In this work, the feasibility of applying a digital twin combined with machine learning algorithms (convolutional neural network and random forest classifier) to predict the performance of PLA (polylactic acid or polylactide) parts is being investigated. These parts are printed using a low-cost desktop 3D printer based on the principle of fused filament fabrication. A digital twin of the extruder assembly has been created in this work. This is the component responsible for melting the thermoplastic material and depositing it on the print bed. The extruder assembly digital twin has been separated into three simulations, i.e., conjugate convective heat transfer, multiphase material melting, and non-Newtonian microchannel. The functionality of the physical extruder is controlled by a PID/PWM circuit, which has also been modelled within the digital twin to control the virtual extruder’s operation. The digital twin simulations were validated through experimentation and showed a good agreement. After validation, a variety of parts were printed using PLA at four different extrusion temperatures (180 °C, 190 °C, 200 °C, 210 °C) and ten different extrusion rates (ranging from 70% to 160%). Measurements of the surface roughness, hardness, and tensile strength of the printed parts were recorded. To predict the performance of the printed parts using the digital twin, a correlation was established between the temperature profile of the non-Newtonian microchannel simulation and the experimental results using the machine learning algorithms. To achieve this objective, a reduced order model (ROM) of the extruder assembly digital twin was developed to generate a training database.
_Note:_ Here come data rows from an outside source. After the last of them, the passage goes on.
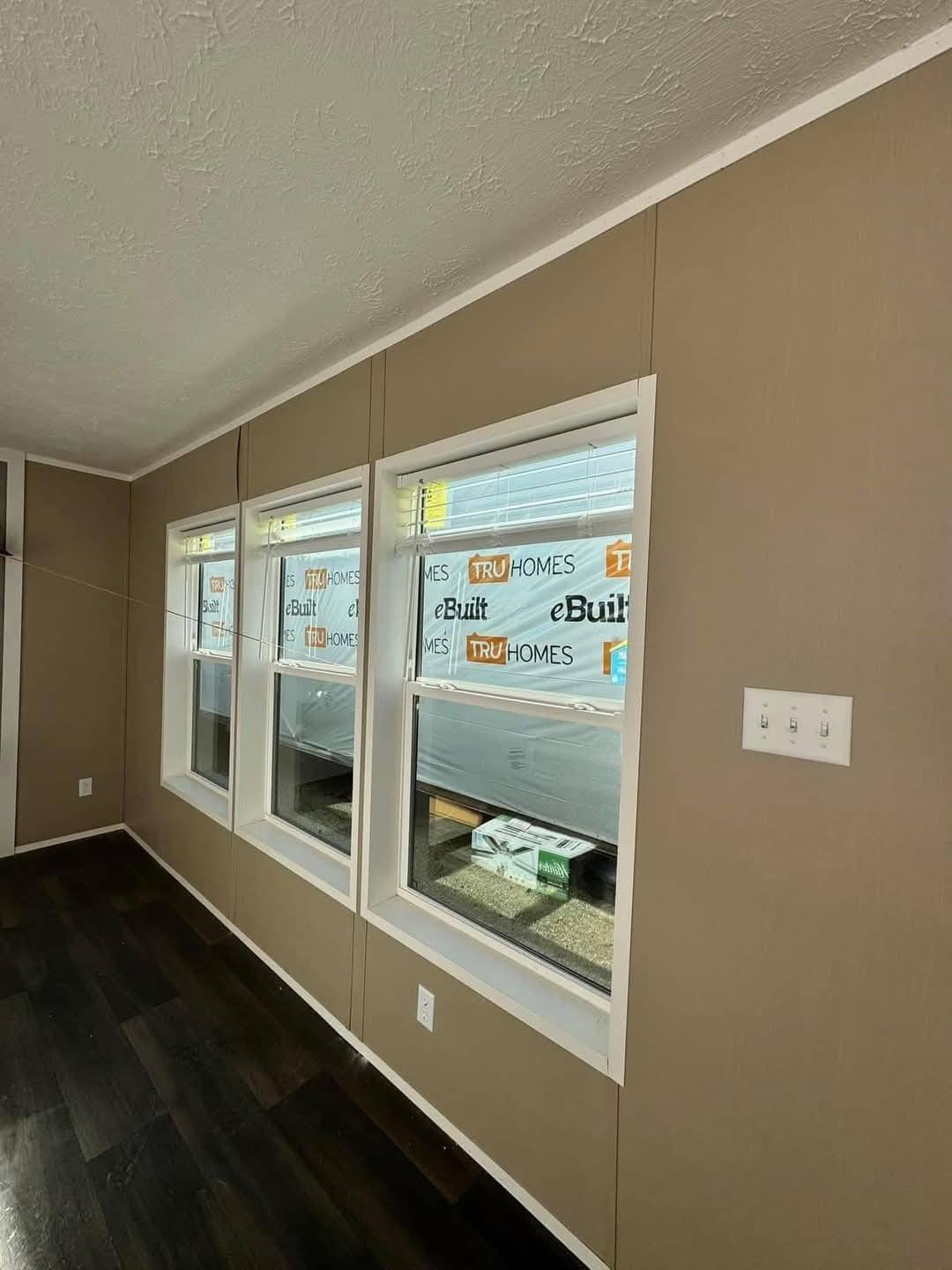 Interior of a room with three large windows showing "TRU Homes" branding outside. Beige walls, dark wood flooring, and a light switch on the wall.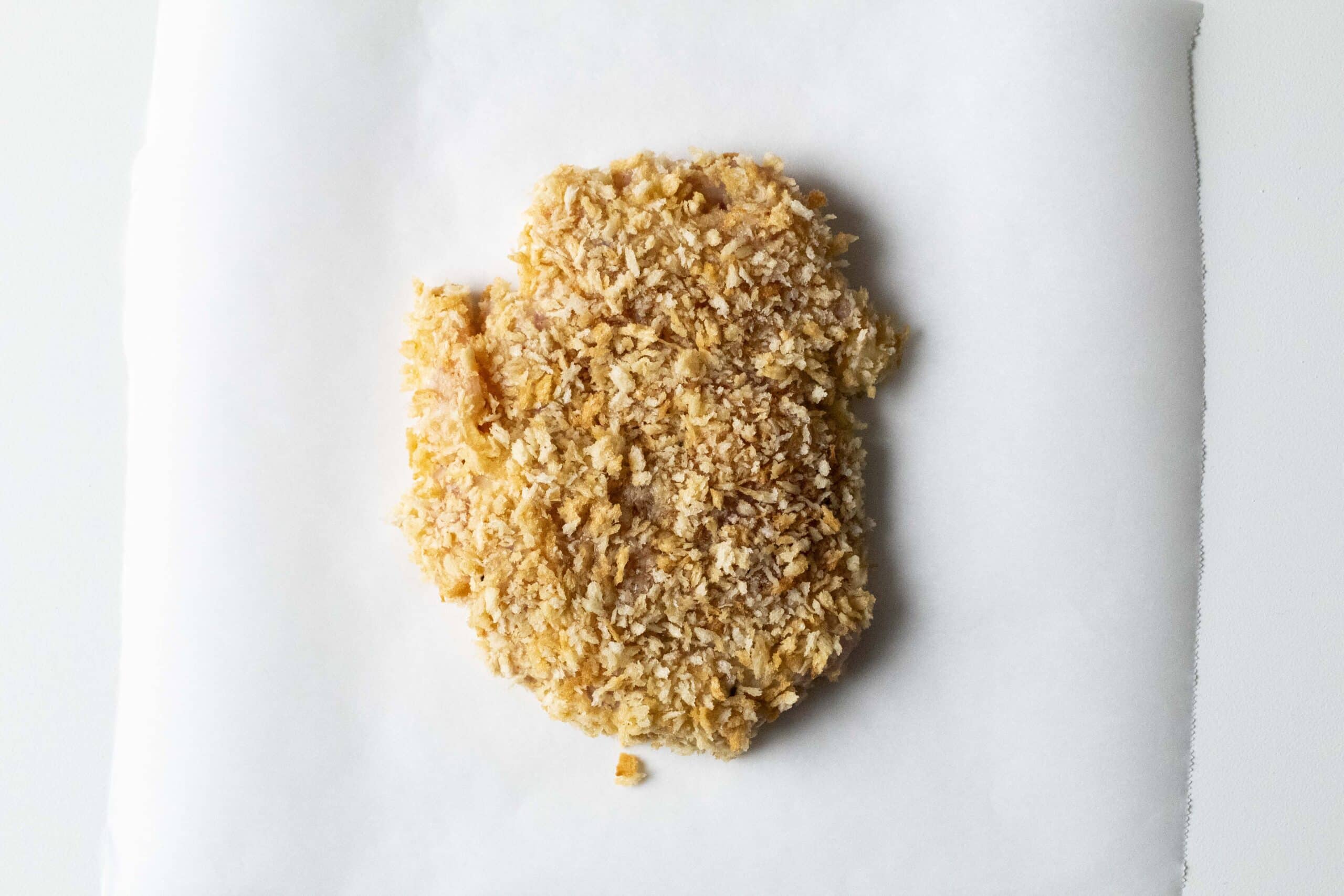 Breaded chicken thigh on a white background.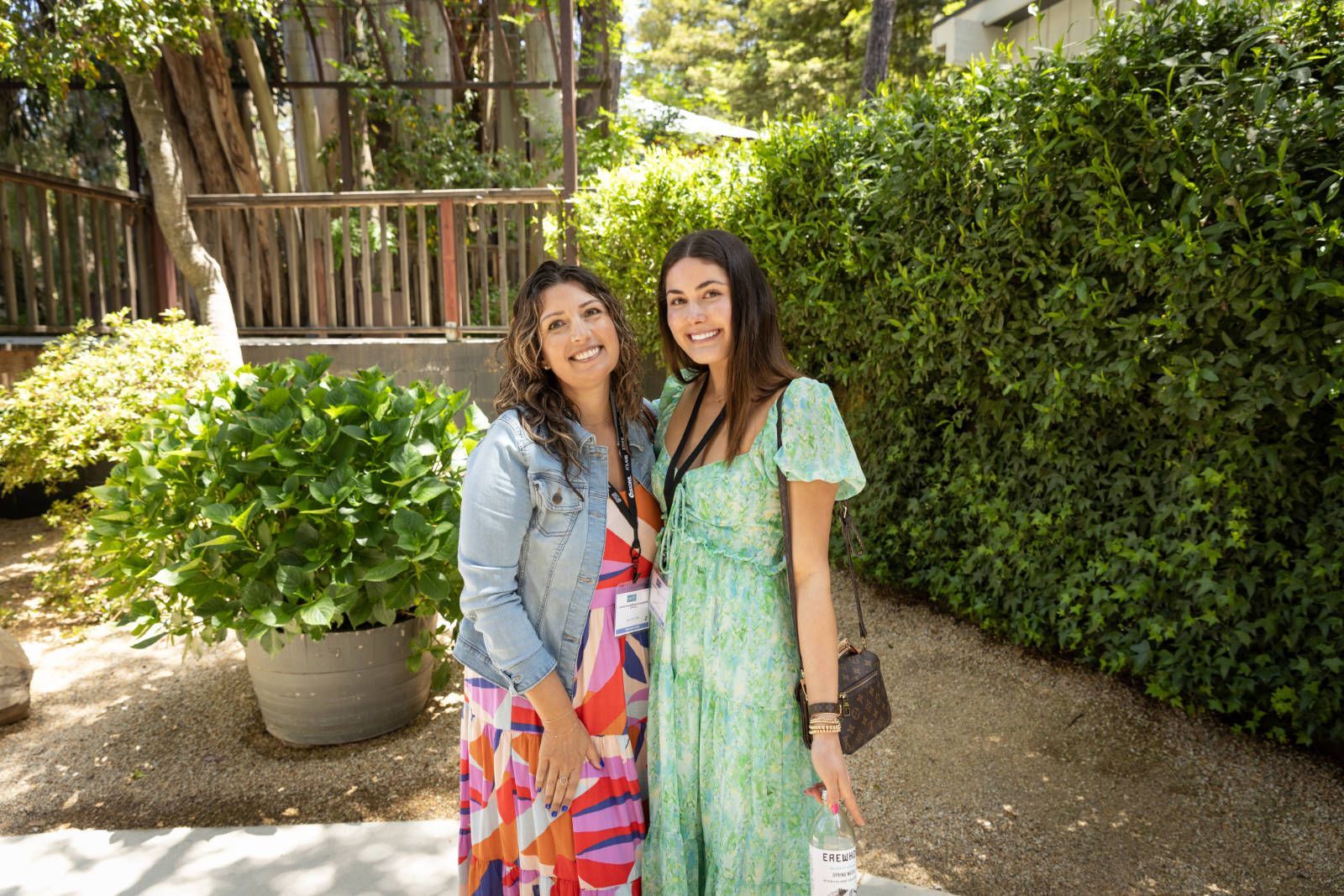 Two women are posing for a picture in front of a bush.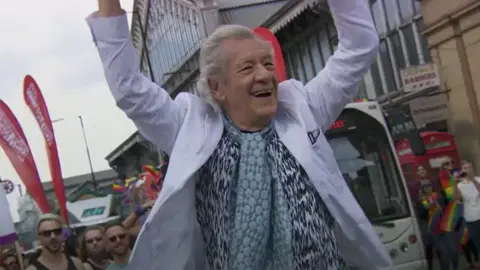 Screengrab of a video of Sir Ian McKellen at Manchester Pride in 2015. He stands in front of a crowd with his arms raised in celebration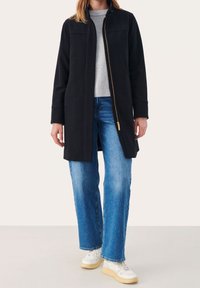 Sort lynlåsfrakke med en lige silhuet, der har en høj krave og frontlommer; bæres over en grå sweater og blå jeans.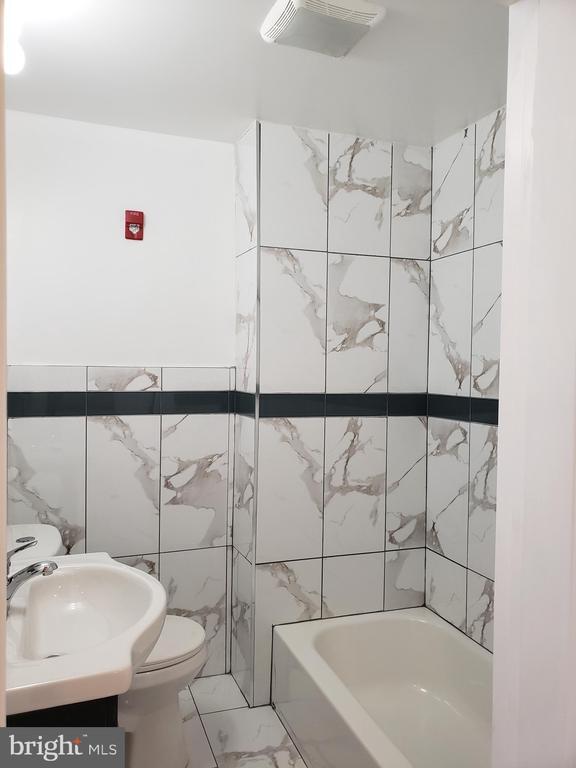 Building Photo - 5109 Woodland Ave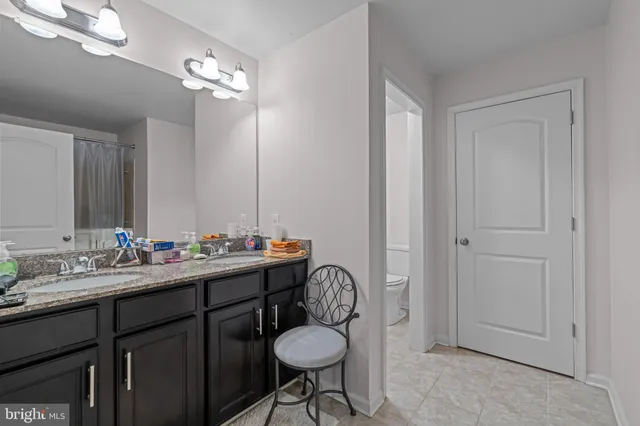 a bathroom with a granite countertop sink a toilet and mirror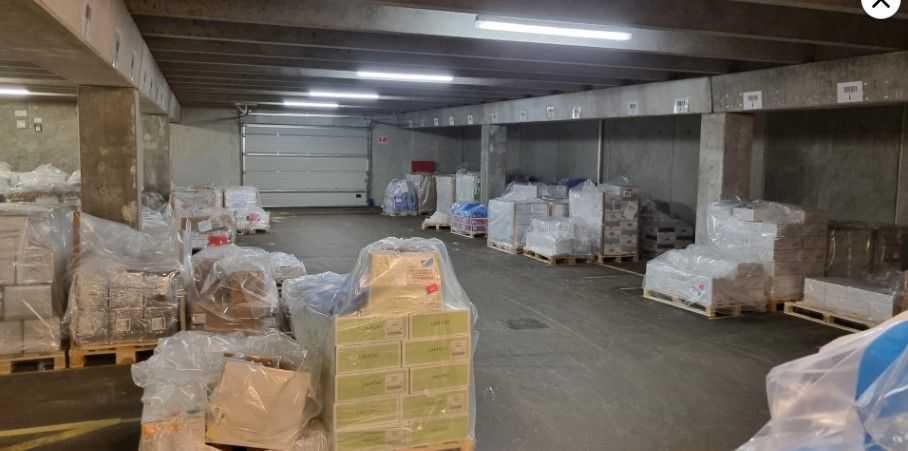 En stor lagerhal fyld med pakket varer, der er dækket med plastfolie, og lagerpallerne er sammen med forskellige varer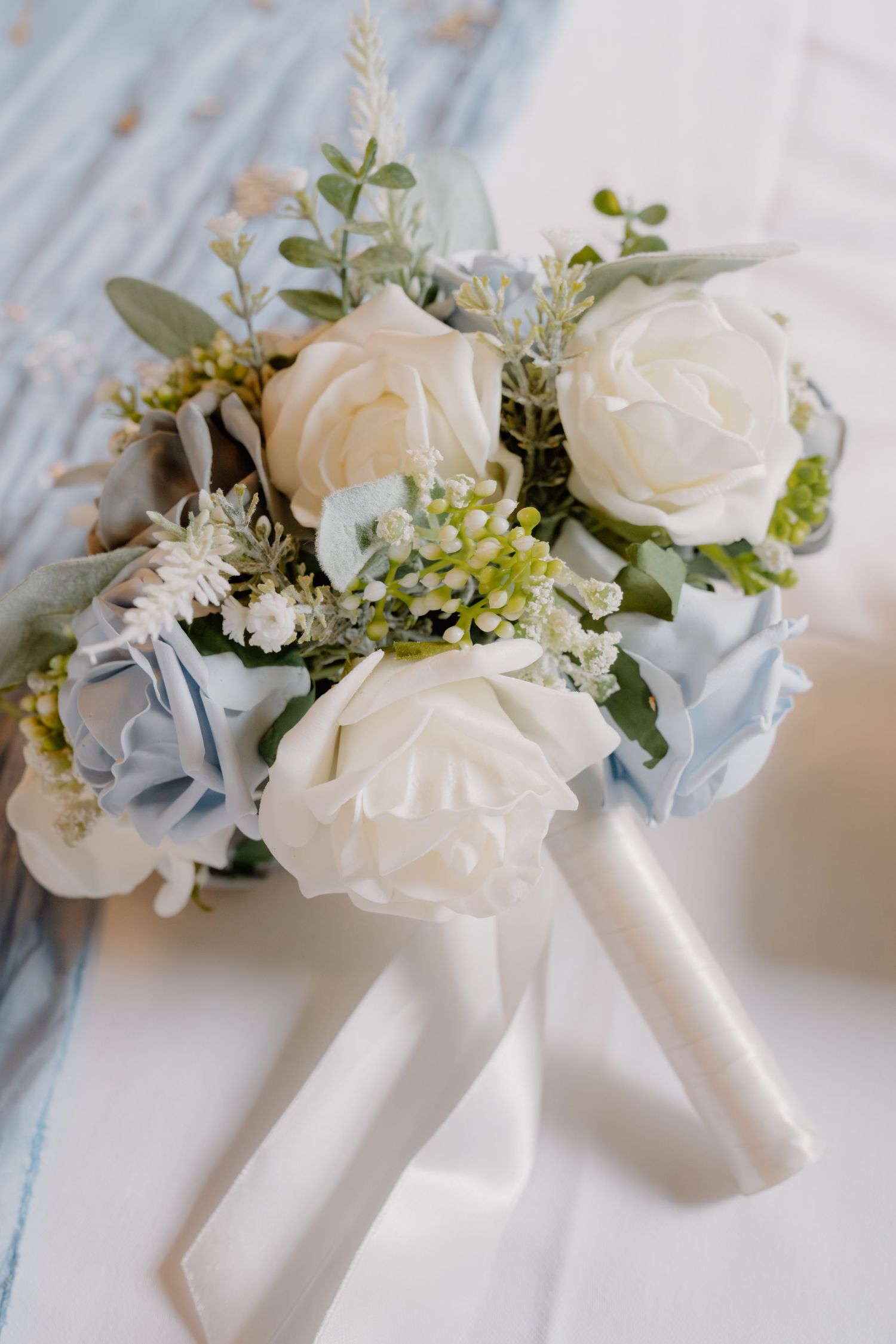 Elegant bridal bouquet with white roses, blue hydrangeas, and greenery, tied with white satin ribbons.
The database generated by the ROM (simulation results) was used as the input for the machine learning algorithms and experimental data were used as target values (classified into three categories) to establish the correlation between the digital twin output and performance of the physically printed parts. The results show that the random forest classifier has a higher accuracy compared to the convolutional neural network in categorising the printed parts based on the numerical simulations and experimental data.